Life as a stud is great — but what about the fans?
Met champion Double Superlative follows superstar Charles Dickens into retirement. Who’s next?
Picture: iStock
Double Superlative had hardly gone up six pounds to a merit rating of 124 for his stunning 2024 WSB Cape Town Met victory, and barely been quoted at 12-1 in ultra-early HWB Durban July betting, when he was retired to stud.
The five-year-old son of Twice Over has a sparse 13 runs and three wins to his name, so racing fans have probably been deprived of his competitive peak.

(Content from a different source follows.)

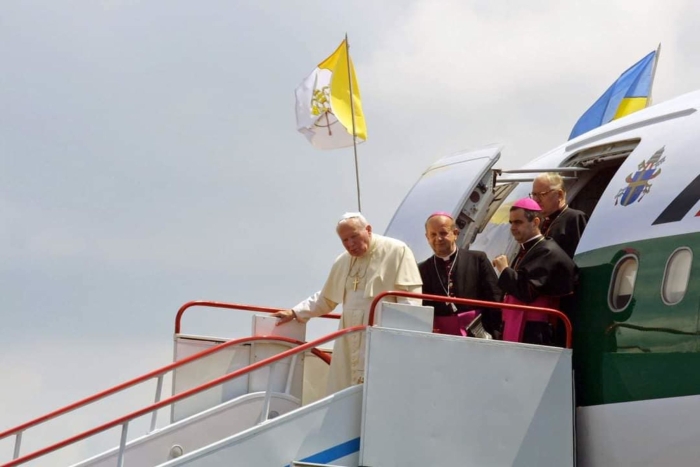 The image shows a high-level Vatican visit to Ukraine, emphasizing historical and symbolic presence rather than a current political event.Pope John Paul II is pictured descending from a Vatican aircraft upon arrival in Ukraine, accompanied by senior Catholic clergy.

Truth is, Double Superlative was raced sparingly due to a bad tendon injury and it took trainer Justin Snaith’s exceptional horsemanship to get him back for a crack at the Met. Also, two of his three wins were in Grade 1 events – which doesn’t look half bad on a CV.
There has also been mention of the fact that the coming KZN winter season ends soon before the start of the covering season. Race-ready stallions must be “let down” and calmed down, over a period, before they are allowed near valuable broodmares. So, if, like Double Superlative owner Nic Jonsson, you’ve got a Met champion on your hands – especially one with a history of injury – you probably want to cash in sooner rather then later.
One World
We saw a similar thing in 2020, when One World was shipped to the paddocks after his Met triumph – just as enthusiasts were looking forward to seeing him continuing his winning ways up the east coast.

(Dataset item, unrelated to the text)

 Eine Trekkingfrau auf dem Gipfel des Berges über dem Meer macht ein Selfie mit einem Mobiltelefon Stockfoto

The racing public was already feeling a tad short-changed on the thrills front with four-year-old Charles Dickens (MR132) quitting the game after claiming a King’s Plate in the new year.
Dreams make the thoroughbred world go around and there are no more fevered dreams than those that drift into realms of love matches made in heaven. The trouble is, the currency of dreams is cold, hard cash. So, when money murmurs seductive sweet nothings, a rural idyll beckons – not to mention years of hard work, rogering away.
Sandringham Summit
Even promising three-year-olds are not immune to the siren call of the mating barn. Young Highveld star Sandringham Summit has already been syndicated to stud – though he’ll keep racing for a while.
Breeding kingpin John Freeman revealed this week that Sandringham Summit, winner of Saturday’s Gauteng Guineas, has 30 new owners, all leading lights in South African breeding, who are racing him in the colours of Varsfontein Stud.
The colt came into the world at Varsfontein, with its view of the Perdeberg, and he was sold for R1.7-million in 2022 – to Rakesh Singh, on the advice of trainer David Nieuwenhuizen. Less than two years later, Varsfontein bought him back – for several orders of magnitude more – and sold off bits of him to breeder dreams.
After his impressive trouncing of Grade 2 opposition at Turffontein on Saturday, the official handicappers nudged Sandringham Summit up by two pounds, to 123 – just one behind Double Superlative’s new mark and, possibly, into retirement territory.
The Triple Crown is probably on Nieuwenhuizen’s mind, with the second leg, the SA Classic, to be run in two weeks’ time.
Sandringham Summit is a 13-2 third favourite for the Durban July on 6 July, but it will be asking a heck of a lot of a three-year-old to stretch his campaign so far beyond the Triple Crown third leg, the SA Derby.
Whether he gets to pursue his career as a four-year-old is anyone’s guess. If he continues, he will be more mature, and therefore more difficult to handle and less interested in racing.
Pedigree
So, Sandringham Summit might never have a KZN winter campaign and might go to stud even earlier than those Cape Town distant cousins.
Freeman comments: “What I especially like about Sandringham Summit’s pedigree is that it has loads of the sort of vital ingredients that we all look for in our mating plans.
“Most importantly, he isn’t already inbred to them, meaning he has only one line of Northern Dancer (and strategically via a daughter) and he has only one line of Mr Prospector. Those two are major keys in most breeding theories and are endemic in more than half of the mares in our stud book.
“This is a big plus for all of the mares carrying multiple lines of Northern Dancer via sons and mares that could do with another line of Mr Prospector. Then of course the pedigree is also loaded with blue hens, which love being repeated in champions. Class!”
Such bloodline lingo seems to translate into getting our chap back to the farm pronto. And who can blame them?
But, sometimes, ordinary fans of the sporting side of the game would love to see all these wonderful racehorses competing together for a few more months and years.
Hats off to owner Mario Ferreira, who has kept his wonder mare Princess Calla racing on into her sixth year. Happily, for him and us, the handicappers left her merit rating of 127 untouched after her facile victory in the Majorca Stakes on Met day – giving the connections room to keep racing.